Bautista Dadín

Personal information
- Full name: Juan Bautista Dadín
- Date of birth: 20 May 2006 (age 20)
- Place of birth: Balcarce, Buenos Aires
- Height: 1.79 m (5 ft 10+1⁄2 in)
- Position: Forward

Team information
- Current team: Aldosivi (on loan from River Plate)
- Number: 16

Youth career
- Club Los Patos
- 2017–2026: River Plate

Senior career*
- Years: Team / Apps / (Gls)
- 2025–: River Plate / 4 / (0)
- 2026: → Independiente Rivadavia (loan) / 6 / (0)
- 2026–: → Aldosivi (loan) / 5 / (0)

= Bautista Dadín =

Argentine footballer (born 2006)

Juan Bautista Dadín (born 20 May 2006) is an Argentine professional association football player who plays as a forward for Argentine Primera División club Aldosivi, on loan from River Plate.

== Club career ==

=== River Plate ===
Dadín arrived at River Plate in 2017 after passing a trial, following his impressive performances at Los Patos, a club from the Mar del Plata League. During his time in the youth divisions, he show his goal-scoring prowess, being top scorer of the Fifth Division. He made his reserve debut in the 2024 Torneo Proyección.
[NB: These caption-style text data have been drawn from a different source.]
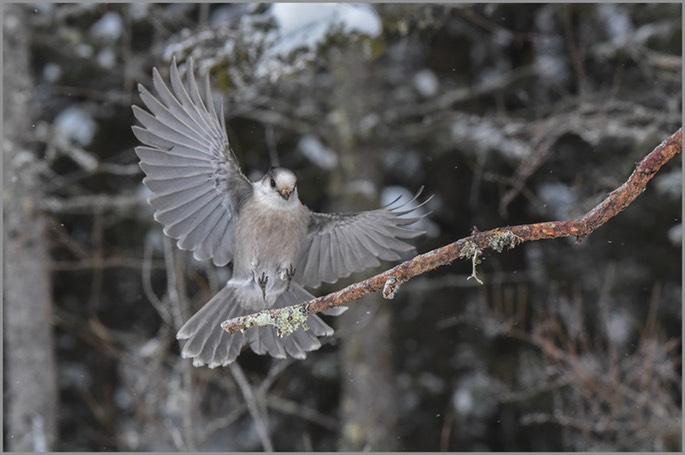 Grey Jay WEB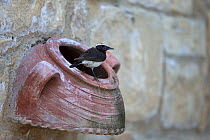 Cyprus wheatear (Oenanthe cypriaca) perched on ceramic pot in wall. Cyprus. April.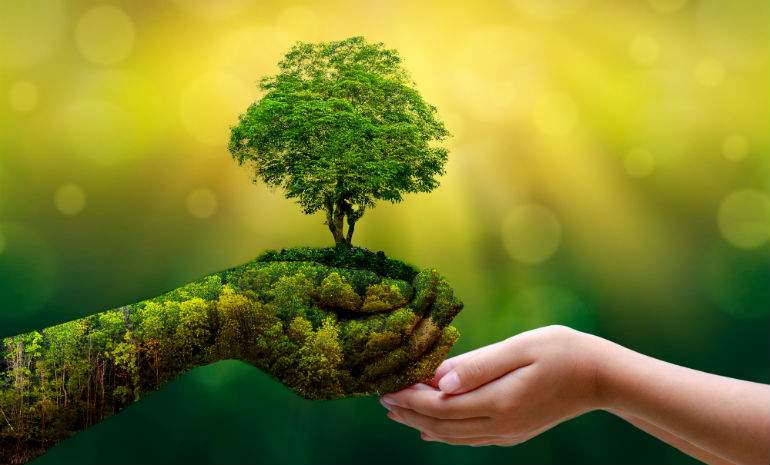 naturaleza-defini.jpg
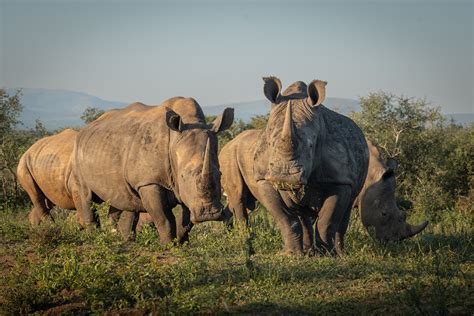 Poaching surges in the birthplace of white rhino conservation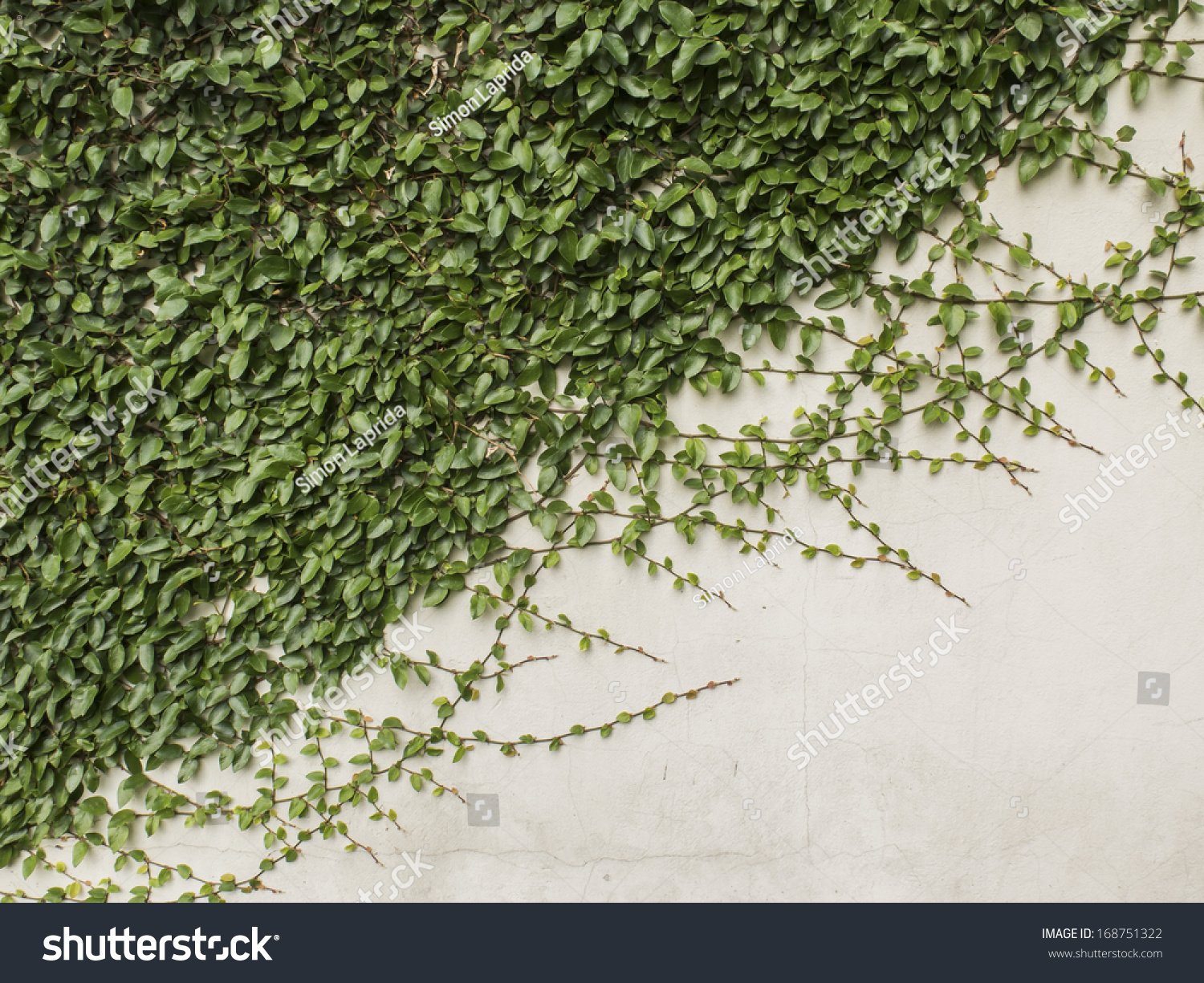 Creeping Ficus, Plant That Covers Walls On Outdoor Places, Exterior ...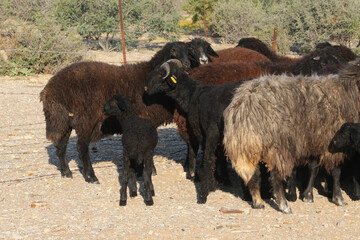 Fototapeta premium Karakul sheep on a farm near Brandvlei, South Africa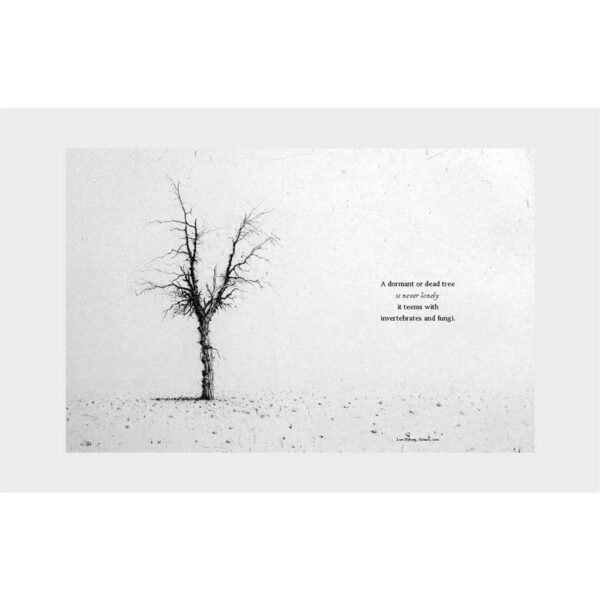The Book of the Tree : Trees in Art [Paperback] / Angus Hyland and Kendra Wilson / Laurence King Publishing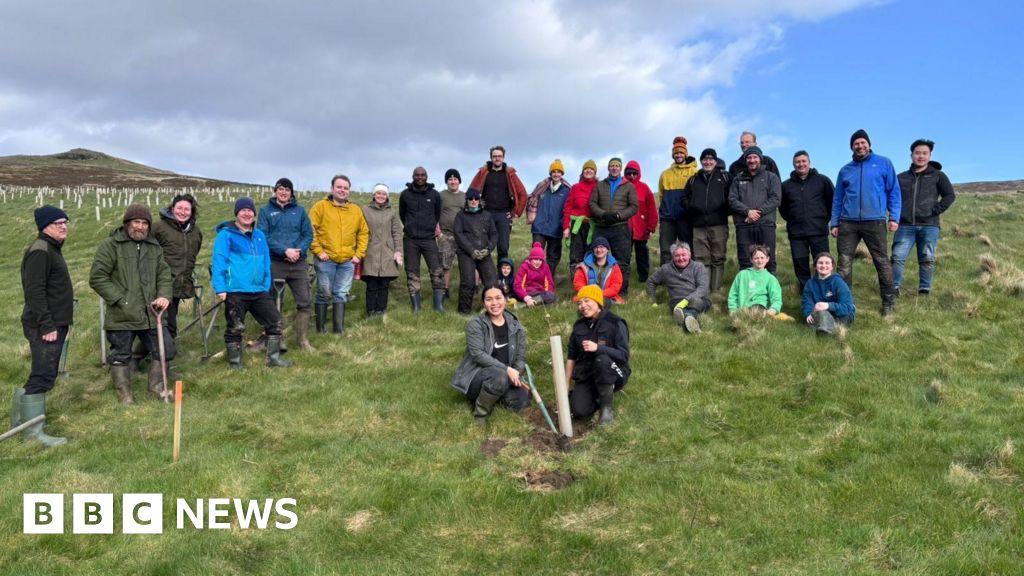30,000 trees planted to create Isle of Man temperate rainforest, with the team behind it hoping to plant 333,000 more across the island.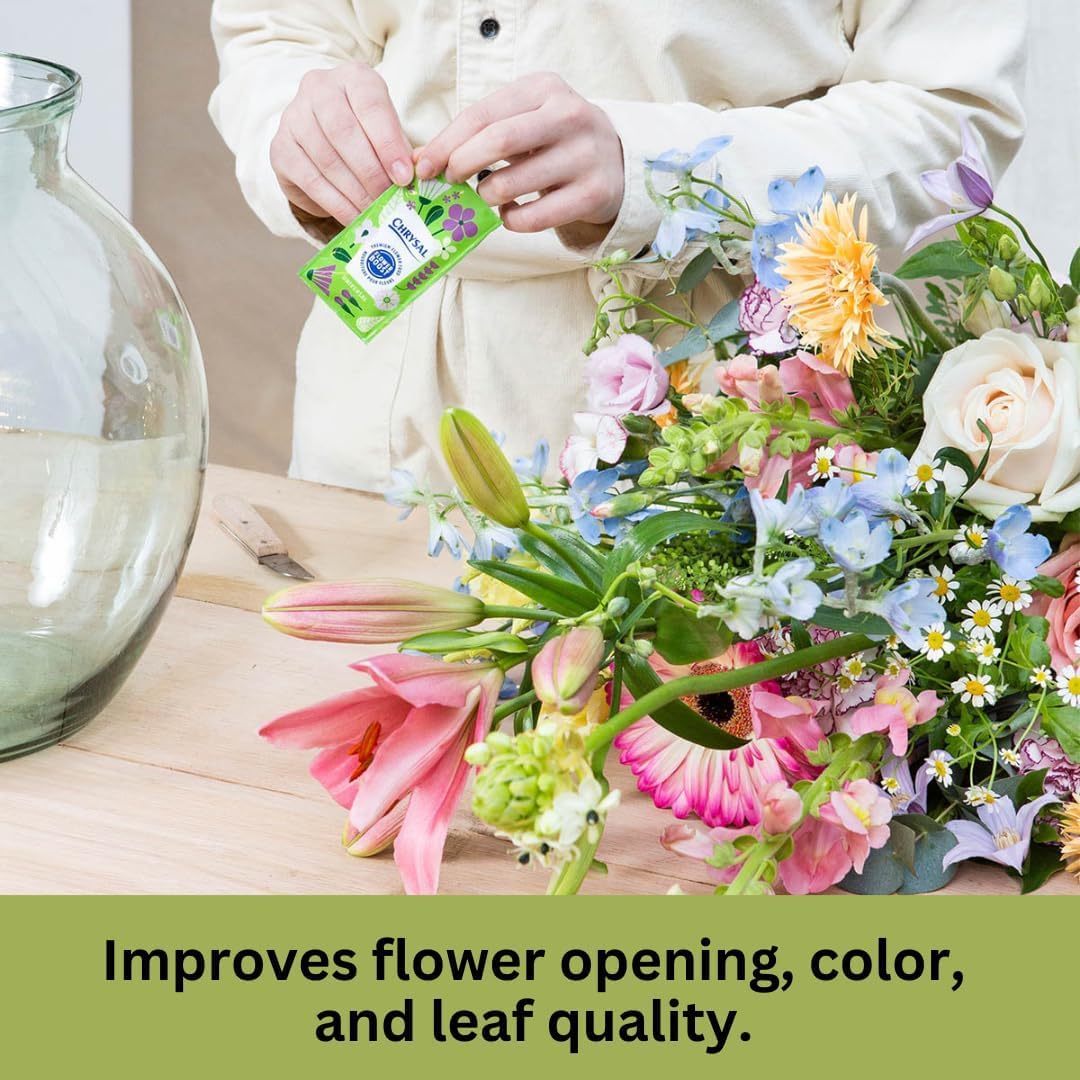 Chrysal Flower Boost – Clear Flower Food Packets for Flower Arrangements & Bouquets – Floral Supplies for Fresh Flowers – Fresh Flower Arrangements Supplies 5g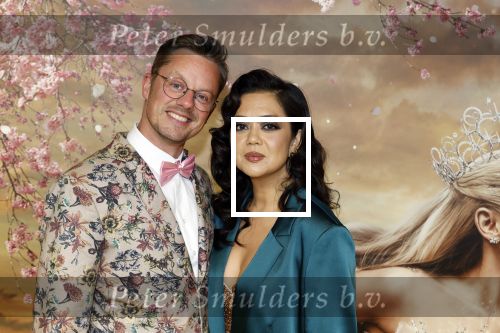 Amsterdam 3 december 2024
Premiere Wicked in Tuschinski. Cystine Carreon met ...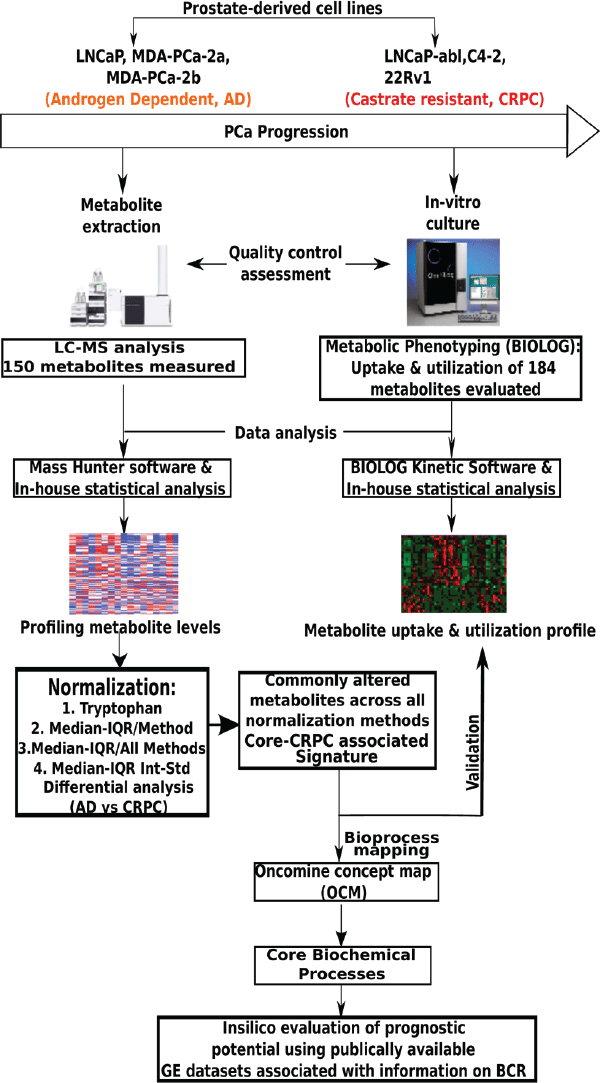 去勢抵抗性前立腺癌の代謝表現型プロファイリングで Kaushi  氏等が使用したワークフロー。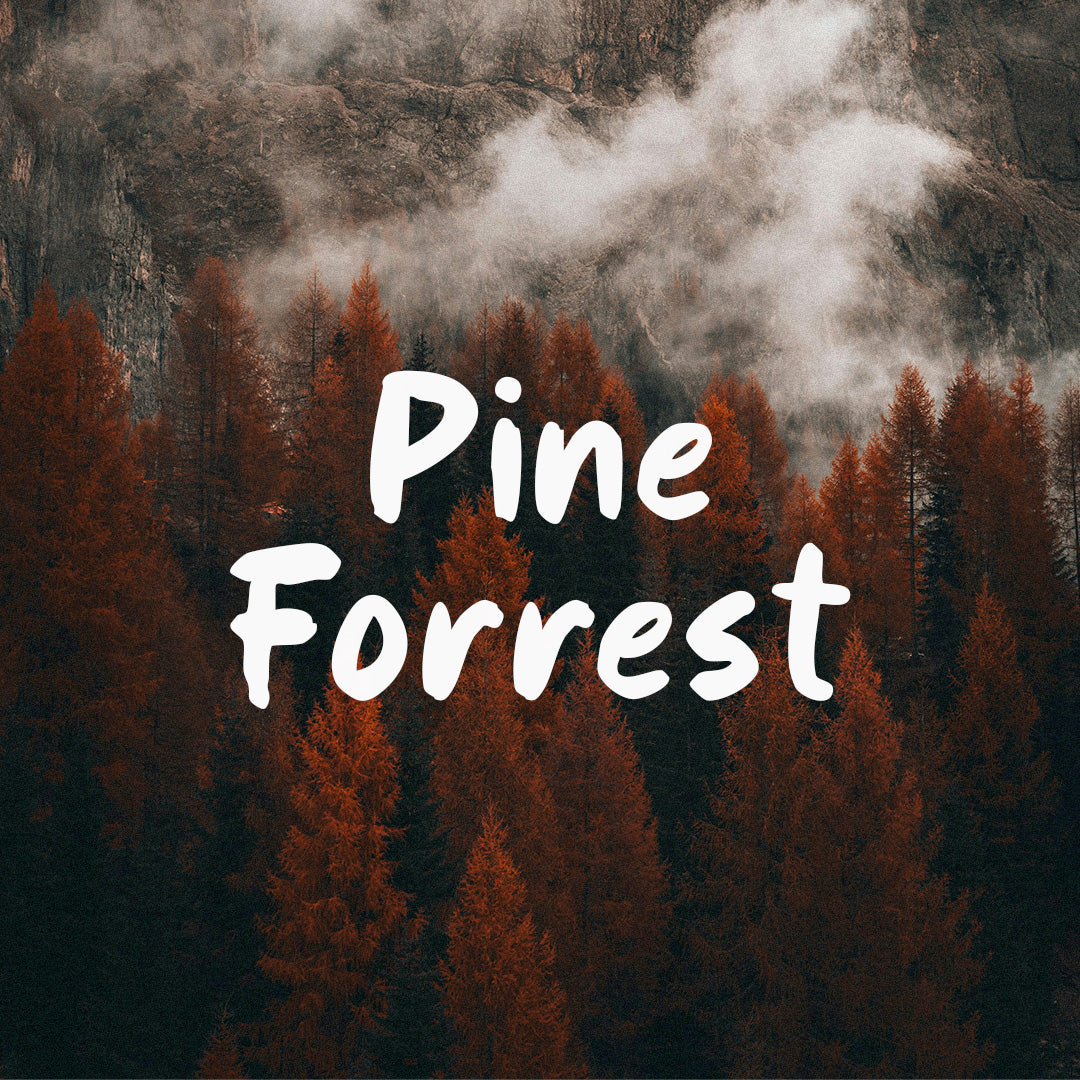 oxford-vibes-playful-handwritten-font-heinzel-std-2.jpg
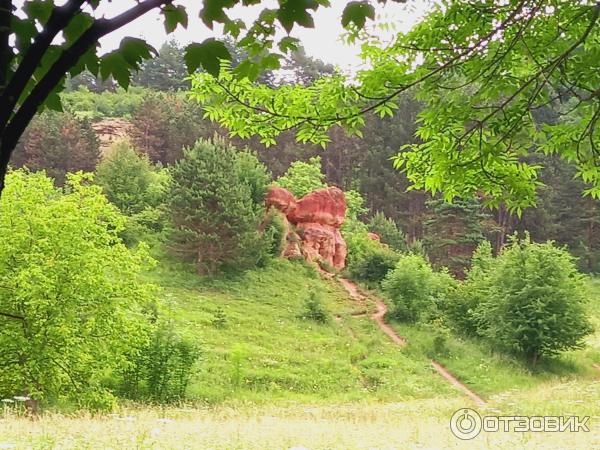 Красные каменные грибы-гиганты (Россия, Кисловодск) фото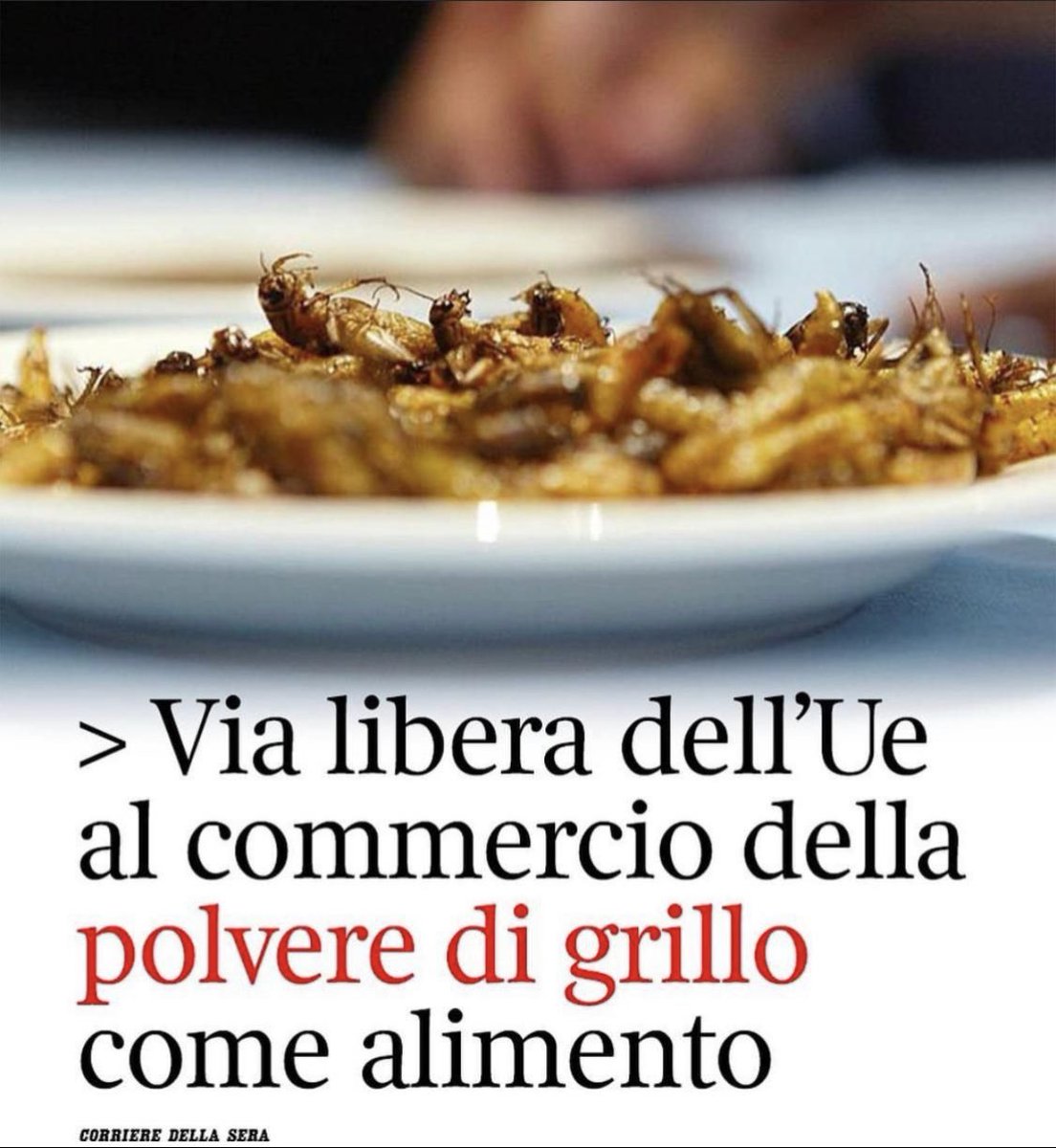 ChrisRicchiuti's tweet photo. Invitante, davvero. 😳
Ringrazio di vivere nel Paese che vanta a pieno titolo la cucina più buona del mondo ❤️🇮🇹
#polveredigrillo #grilli https://t.co/vCEKVfLZLS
In July 2025 he signed his first professional contract with River until December 2028 and with a release clause of 100 million euros.

Dadín made his official debut in the Primera División was the August 2025, coming on as a substitute in the match against Godoy Cruz in 2025 Torneo Clausura.

==== Loan to Independiente Rivadavia ====
After a standout year in the reserves, and 4 decent matches in the first team, he went on loan to Club Sportivo Independiente Rivadavia.

==== Loan to Aldosivi ====
After terminating his loan at Independiente Rivadavia, on July 4th he was loaned to Aldosivi for 18 months.